Still, the bad news continued for Melbourne where auction clearance rates plunged 45 per cent in July and are set to fall further.

"The introduction of further restrictions in Melbourne in early August will further reduce activity in the housing market over coming weeks," the RBA said.

 

"By contrast, following a strong bounce-back, auction clearance rates in Sydney have remained relatively stable in the recent period, at a bit above 60 per cent."

The RBA update also warned that pressure on landlords was growing and that could weigh on investor demand and property prices.

CoreLogic July numbers show dwelling prices in Sydney have fallen by 2.1 per cent over the past three months, while Melbourne lost 3.2 per cent. Nationally, prices were down by 1.6 per cent.
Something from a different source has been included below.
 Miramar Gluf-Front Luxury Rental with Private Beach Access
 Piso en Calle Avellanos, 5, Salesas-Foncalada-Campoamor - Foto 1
"Lower rental income could present cash flow challenges for some property investors if these conditions persist, and is also likely to weigh on investor demand for new properties," the RBA said.

It remains a good time to be in the rental market. Around the country, 5 per cent of tenants have obtained rental discounts in recent months and rent deferrals are running much higher than usual.

Vacancy rates

Rental vacancy rates are up in Melbourne and Sydney, driven by investors who once rented their apartments on short-stay sites such as Airbnb to tourists returning to the longer-term rental market.

"The increase in the vacancy rate in Sydney has been driven by a larger number of vacant properties – primarily apartments – in the inner and middle ring suburbs," the RBA said.

"One important factor affecting rental market conditions has been the decline in international visitors and domestic business travel because of travel restrictions.

"This has encouraged some landlords to offer their short-term rental accommodation on the long-term market, increasing the available rental stock."

New residential bond lodgements rose sharply in May in Sydney, consistent with tenants signing new leases to realise lower rents.